If I had to prioritize an area of work for November, I'd actually pick
MYMETA over the 2.0 spec. It's lower risk and higher reward.
-- David
At this point, does the toolchain group have a good sense of what "may
not benefit from" means? Will people be unable to install modules using
the new spec? Will they have to manually resolve dependencies? Or will
there be some sort of glue in the PAUSE/CPAN toolchain to make it
transparent to users?
It sounds like the new infrastructure is going to make a lot of module
installation issues a lot easier to deal with once it's fully
operational. I just want to make sure that we understand the
reprecussions of a partial adoption before we ship 5.12.
Best,
Jesse
One of the bigger changes visible to end users will be clarified
semantic around prerequisites. Particularly, the creation of the
"prefers" category that I mentioned for modules that are optional but
really should be installed. Right now, CPAN/CPANPLUS completely
ignore "recommends" in META.yml. In the near future, CPAN/CPANPLUS
should install "requires" and "prefers" by default and should give
users the option of installing "recommends". This is a better approach
that haphazard prompting that happens today in *.PL files.
That's one example.
David
Just to add my $0.02...
I think your tenure on the PSC has been a major "net good" for Perl. Perl itself, the processes, the community and ecosystem have come a long way in the last four years.

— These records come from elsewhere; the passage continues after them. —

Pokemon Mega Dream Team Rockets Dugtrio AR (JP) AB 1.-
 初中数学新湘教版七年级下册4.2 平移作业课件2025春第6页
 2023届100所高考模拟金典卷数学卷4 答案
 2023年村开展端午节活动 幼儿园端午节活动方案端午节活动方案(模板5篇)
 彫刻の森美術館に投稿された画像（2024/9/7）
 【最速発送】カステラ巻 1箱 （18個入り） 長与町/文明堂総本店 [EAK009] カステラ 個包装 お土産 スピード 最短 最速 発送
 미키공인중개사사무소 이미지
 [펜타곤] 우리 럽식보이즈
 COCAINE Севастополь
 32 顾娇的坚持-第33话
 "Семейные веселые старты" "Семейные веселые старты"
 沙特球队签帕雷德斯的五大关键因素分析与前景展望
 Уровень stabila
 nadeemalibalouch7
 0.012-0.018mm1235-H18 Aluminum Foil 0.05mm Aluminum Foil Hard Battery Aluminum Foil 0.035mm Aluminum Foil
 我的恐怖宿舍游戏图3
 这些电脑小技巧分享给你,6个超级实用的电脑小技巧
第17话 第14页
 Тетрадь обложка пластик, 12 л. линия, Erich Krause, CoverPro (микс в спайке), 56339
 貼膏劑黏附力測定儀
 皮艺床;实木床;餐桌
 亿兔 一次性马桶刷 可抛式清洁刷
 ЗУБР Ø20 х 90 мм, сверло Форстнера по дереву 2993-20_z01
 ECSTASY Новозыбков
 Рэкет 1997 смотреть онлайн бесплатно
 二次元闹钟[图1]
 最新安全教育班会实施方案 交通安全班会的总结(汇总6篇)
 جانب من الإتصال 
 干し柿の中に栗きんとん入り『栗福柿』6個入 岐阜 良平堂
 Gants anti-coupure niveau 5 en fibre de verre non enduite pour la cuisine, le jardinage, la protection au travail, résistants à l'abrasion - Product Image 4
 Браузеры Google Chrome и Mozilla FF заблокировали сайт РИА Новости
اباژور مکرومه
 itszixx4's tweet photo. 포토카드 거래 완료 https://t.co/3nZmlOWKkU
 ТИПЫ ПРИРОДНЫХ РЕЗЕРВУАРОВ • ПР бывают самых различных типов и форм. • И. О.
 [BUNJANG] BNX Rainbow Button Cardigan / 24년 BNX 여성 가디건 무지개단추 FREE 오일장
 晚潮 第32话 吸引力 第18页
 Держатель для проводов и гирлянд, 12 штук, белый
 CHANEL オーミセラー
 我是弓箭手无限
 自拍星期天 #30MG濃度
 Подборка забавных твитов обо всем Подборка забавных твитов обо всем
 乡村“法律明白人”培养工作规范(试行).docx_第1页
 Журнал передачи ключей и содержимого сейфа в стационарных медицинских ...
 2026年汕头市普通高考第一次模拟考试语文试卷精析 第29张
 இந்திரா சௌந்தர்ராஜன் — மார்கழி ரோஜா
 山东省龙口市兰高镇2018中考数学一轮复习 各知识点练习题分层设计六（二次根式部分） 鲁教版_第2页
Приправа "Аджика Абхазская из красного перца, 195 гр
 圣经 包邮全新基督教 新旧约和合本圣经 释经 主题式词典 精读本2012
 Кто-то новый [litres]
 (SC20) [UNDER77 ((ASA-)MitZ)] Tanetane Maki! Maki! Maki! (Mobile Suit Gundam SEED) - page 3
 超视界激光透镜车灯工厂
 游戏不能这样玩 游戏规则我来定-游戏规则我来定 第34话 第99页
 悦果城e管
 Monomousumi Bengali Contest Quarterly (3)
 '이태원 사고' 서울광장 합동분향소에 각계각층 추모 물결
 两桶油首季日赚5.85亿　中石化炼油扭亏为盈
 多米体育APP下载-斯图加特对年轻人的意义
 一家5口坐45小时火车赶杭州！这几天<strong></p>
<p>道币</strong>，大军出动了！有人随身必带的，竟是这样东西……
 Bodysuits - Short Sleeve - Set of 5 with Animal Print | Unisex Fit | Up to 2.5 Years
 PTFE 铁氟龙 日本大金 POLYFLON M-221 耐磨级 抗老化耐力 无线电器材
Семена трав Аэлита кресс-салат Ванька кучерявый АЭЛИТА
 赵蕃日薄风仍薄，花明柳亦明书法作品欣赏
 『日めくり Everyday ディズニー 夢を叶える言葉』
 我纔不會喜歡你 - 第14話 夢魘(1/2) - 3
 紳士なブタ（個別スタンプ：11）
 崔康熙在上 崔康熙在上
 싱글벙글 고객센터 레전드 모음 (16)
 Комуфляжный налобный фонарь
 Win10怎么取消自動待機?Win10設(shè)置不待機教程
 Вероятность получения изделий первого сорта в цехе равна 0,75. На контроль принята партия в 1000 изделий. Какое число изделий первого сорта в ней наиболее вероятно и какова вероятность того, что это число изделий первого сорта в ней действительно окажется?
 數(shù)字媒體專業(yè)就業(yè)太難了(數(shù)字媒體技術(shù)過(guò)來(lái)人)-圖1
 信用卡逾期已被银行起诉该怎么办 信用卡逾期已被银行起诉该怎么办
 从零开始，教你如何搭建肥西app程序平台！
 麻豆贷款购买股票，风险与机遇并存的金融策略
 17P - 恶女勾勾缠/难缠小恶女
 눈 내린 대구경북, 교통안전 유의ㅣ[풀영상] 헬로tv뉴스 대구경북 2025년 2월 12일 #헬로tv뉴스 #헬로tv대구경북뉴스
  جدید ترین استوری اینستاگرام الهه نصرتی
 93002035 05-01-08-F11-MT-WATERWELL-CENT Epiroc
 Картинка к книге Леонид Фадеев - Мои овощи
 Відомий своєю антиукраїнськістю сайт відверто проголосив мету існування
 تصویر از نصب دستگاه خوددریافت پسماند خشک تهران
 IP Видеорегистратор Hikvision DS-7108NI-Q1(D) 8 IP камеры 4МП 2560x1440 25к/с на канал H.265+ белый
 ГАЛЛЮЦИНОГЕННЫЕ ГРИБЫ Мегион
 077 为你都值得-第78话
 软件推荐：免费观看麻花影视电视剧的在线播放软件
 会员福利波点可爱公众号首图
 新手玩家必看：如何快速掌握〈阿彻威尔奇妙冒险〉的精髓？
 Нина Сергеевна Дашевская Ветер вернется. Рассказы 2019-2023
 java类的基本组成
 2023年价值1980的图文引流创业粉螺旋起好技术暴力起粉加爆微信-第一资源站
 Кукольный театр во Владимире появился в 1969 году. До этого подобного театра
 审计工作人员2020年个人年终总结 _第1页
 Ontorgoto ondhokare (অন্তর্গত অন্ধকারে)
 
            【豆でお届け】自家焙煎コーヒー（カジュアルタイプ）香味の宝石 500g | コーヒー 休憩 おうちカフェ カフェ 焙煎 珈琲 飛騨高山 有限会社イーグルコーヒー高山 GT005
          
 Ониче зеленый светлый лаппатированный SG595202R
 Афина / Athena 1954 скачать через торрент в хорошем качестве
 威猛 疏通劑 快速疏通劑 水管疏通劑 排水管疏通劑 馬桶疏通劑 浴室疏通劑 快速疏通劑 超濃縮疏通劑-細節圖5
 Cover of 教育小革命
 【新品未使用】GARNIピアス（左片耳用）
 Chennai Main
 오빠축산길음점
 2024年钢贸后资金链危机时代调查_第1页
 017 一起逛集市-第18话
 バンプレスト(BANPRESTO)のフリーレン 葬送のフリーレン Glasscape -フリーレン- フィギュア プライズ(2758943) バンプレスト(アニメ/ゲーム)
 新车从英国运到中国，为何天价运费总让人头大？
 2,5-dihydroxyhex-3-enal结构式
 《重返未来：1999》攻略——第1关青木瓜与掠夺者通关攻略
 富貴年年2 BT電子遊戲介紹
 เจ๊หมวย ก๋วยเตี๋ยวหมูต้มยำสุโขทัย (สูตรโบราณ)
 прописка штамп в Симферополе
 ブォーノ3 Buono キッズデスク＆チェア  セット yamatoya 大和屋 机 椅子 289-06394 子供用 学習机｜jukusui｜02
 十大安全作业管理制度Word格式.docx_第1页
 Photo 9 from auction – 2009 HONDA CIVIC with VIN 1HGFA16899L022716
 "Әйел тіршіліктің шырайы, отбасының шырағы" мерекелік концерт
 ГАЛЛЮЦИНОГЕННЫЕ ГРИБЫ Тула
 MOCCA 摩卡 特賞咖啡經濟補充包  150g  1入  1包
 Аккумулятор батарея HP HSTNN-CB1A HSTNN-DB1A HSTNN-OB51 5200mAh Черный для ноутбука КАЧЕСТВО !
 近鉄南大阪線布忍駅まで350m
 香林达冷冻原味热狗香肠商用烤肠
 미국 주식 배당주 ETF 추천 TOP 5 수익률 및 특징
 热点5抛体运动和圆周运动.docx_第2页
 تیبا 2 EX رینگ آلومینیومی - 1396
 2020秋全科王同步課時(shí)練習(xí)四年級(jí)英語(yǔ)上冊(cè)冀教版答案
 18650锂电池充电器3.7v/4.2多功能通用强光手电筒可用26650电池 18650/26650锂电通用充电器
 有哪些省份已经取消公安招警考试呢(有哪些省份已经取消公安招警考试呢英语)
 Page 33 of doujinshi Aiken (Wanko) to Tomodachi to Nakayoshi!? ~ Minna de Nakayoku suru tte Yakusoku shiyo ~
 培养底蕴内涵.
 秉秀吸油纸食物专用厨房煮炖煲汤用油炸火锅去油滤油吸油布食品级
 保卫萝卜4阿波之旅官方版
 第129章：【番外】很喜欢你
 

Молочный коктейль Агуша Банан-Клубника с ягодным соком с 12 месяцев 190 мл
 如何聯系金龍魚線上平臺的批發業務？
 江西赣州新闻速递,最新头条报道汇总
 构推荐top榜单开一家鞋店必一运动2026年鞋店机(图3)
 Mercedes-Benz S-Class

I always look forward to reading your P5P emails from you because
they're very clear, concise, and positive. There is some amount of
"noise" on P5P, but everything that comes from you is "signal".
That's a fancy way of saying you raise the Signal to Noise ratio
on this list (and all around Perl) in a very significant manner.
You underestimate your contribution to Perl, but I'm here to tell you it's been considerable.
- scottchiefbaker
In the end, this was not to be. The era of the keeper of the patch pumpkin ended in 2020 with the adoption of perlgov and creation of the Perl Steering Council. I had retired from perl5-porters, but came back to try to help with what felt like something of a crisis. I didn't intend to stick around for three years, but here we are.
I am generally pleased with the work we got into the last two releases perl, but I don't think my contributions can, at this point, significantly impact the project's effective momentum and direction. I once read an article saying that burnout can be the result of an extended effort leading to negligible results. I want to avoid that fate, and to focus on things where I feel I will make a difference in the future, the way I feel I have, in the past, with Perl.
To that end, I will not be running for reelection to the steering council. I will continue to perform whatever small duties are required between now and the end of the election, but after that, you should expect me to return to my pre-2020 role as mostly-quiet lurker on the list.
I am proud of my work with p5p, and hope those of you with whom I collaborated are, too. I'm going to keep writing Perl for a long time to come, so I look forward to seeing what the team produces next!
To that end, I will not be running for reelection to the steering council.